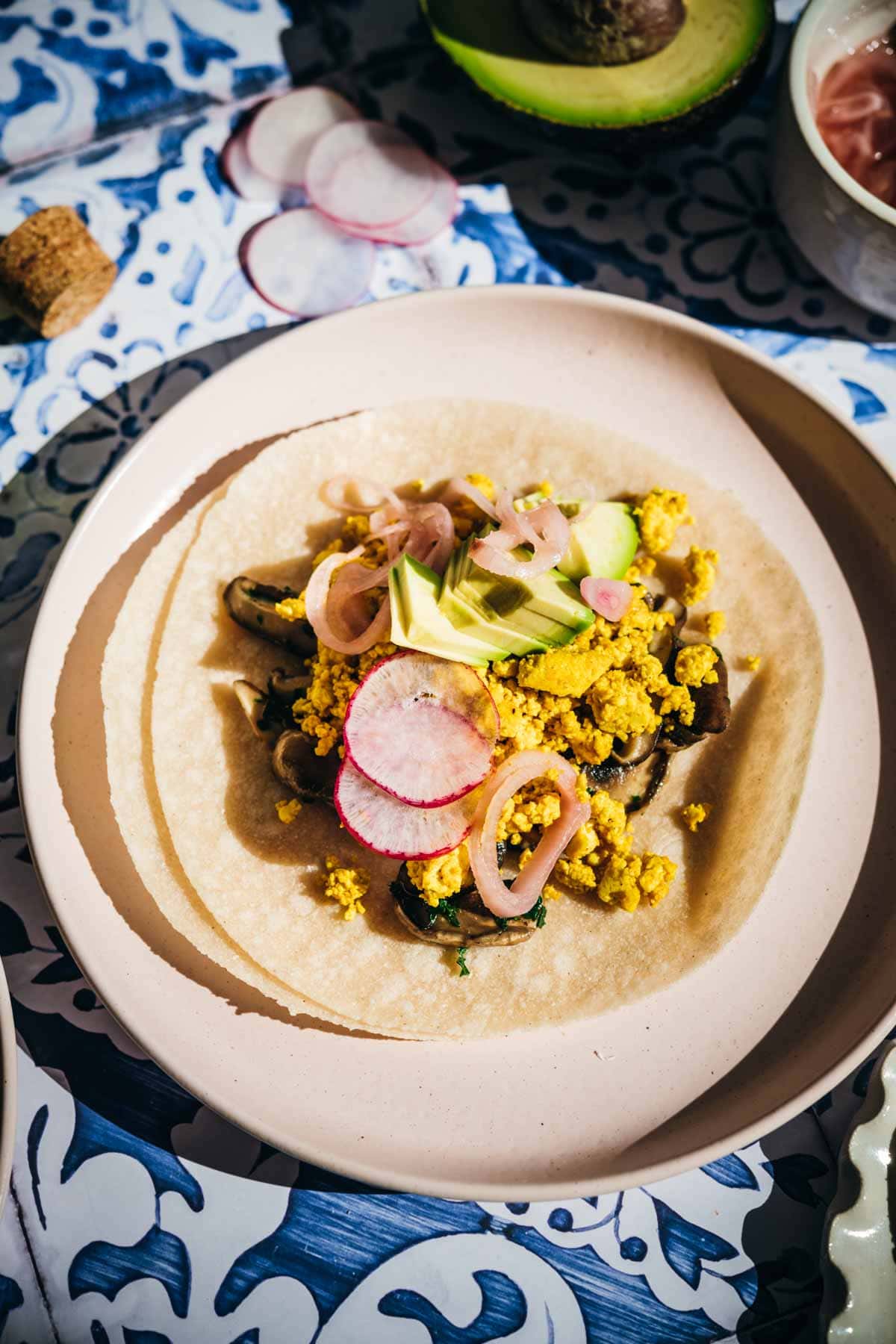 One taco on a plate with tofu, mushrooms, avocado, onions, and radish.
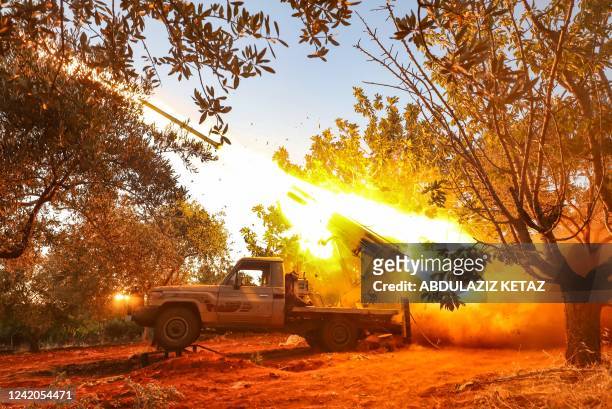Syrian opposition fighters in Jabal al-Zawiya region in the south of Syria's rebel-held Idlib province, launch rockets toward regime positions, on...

* * *

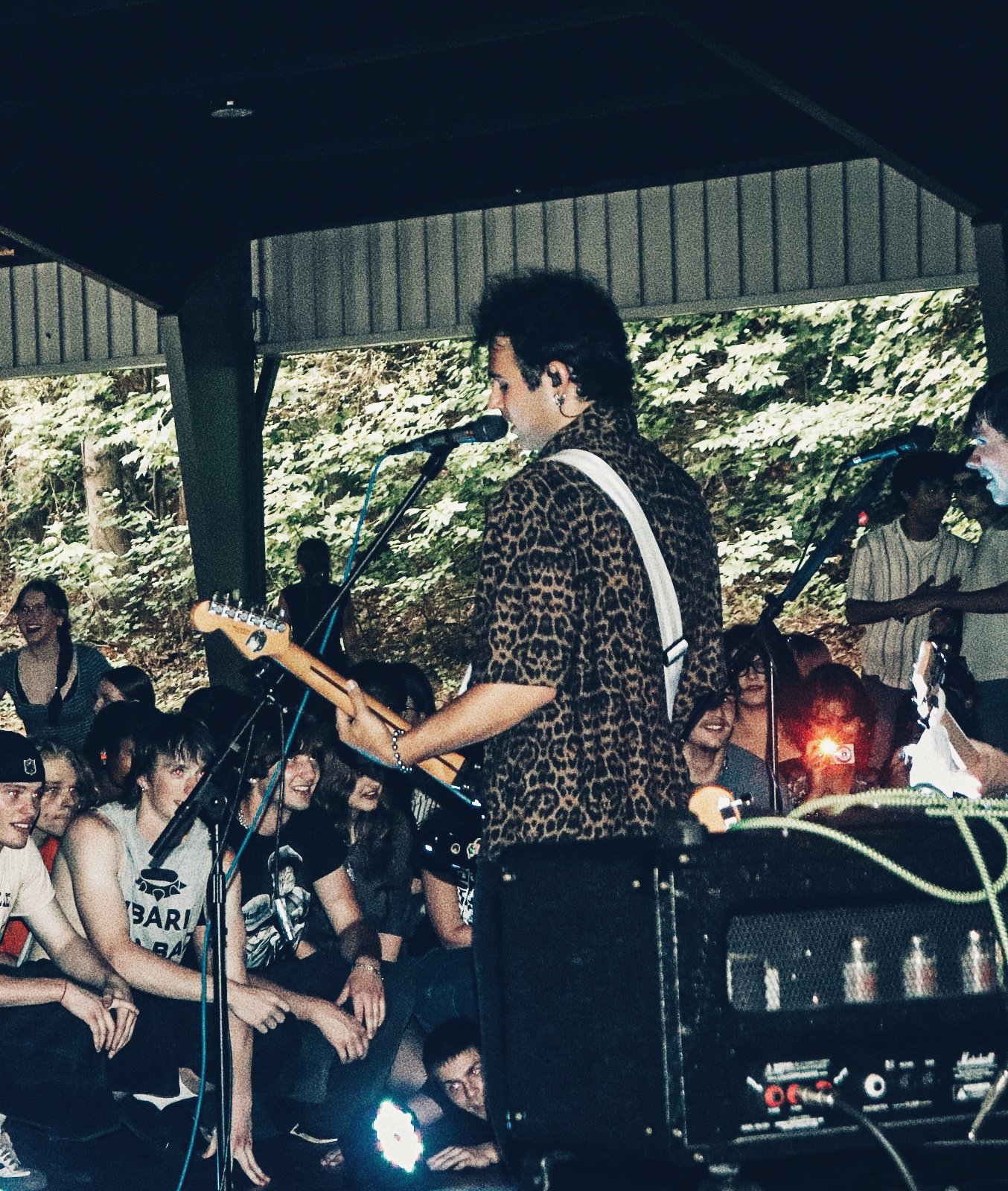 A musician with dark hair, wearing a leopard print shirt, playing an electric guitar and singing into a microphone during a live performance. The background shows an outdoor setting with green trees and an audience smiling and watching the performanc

* * *

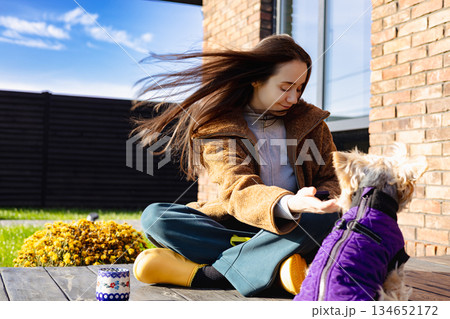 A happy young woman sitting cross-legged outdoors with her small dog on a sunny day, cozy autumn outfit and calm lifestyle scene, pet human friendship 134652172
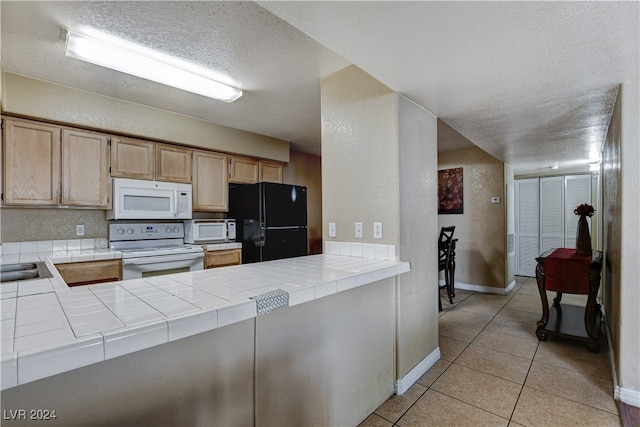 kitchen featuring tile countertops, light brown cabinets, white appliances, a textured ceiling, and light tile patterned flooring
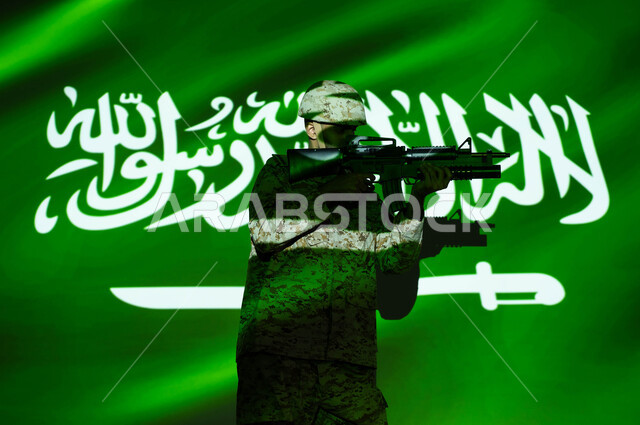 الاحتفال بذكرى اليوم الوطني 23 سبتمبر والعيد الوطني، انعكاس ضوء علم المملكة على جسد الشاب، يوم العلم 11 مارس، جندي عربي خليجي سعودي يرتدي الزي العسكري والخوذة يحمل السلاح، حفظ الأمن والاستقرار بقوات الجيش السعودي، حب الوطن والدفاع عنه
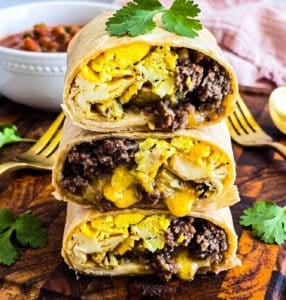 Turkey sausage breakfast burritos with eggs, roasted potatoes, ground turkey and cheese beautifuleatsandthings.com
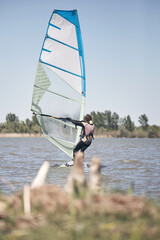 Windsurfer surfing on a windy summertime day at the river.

_Exercise directions:_ Only the lines between the one with "A happy young" and the one with "Windsurfer surfing on", those two included, get copied from the material above. Keep it exact and free of pictures.

_Response to this exercise:_
 A happy young woman sitting cross-legged outdoors with her small dog on a sunny day, cozy autumn outfit and calm lifestyle scene, pet human friendship 134652172
 kitchen featuring tile countertops, light brown cabinets, white appliances, a textured ceiling, and light tile patterned flooring
 الاحتفال بذكرى اليوم الوطني 23 سبتمبر والعيد الوطني، انعكاس ضوء علم المملكة على جسد الشاب، يوم العلم 11 مارس، جندي عربي خليجي سعودي يرتدي الزي العسكري والخوذة يحمل السلاح، حفظ الأمن والاستقرار بقوات الجيش السعودي، حب الوطن والدفاع عنه
 Turkey sausage breakfast burritos with eggs, roasted potatoes, ground turkey and cheese beautifuleatsandthings.com
 Windsurfer surfing on a windy summertime day at the river.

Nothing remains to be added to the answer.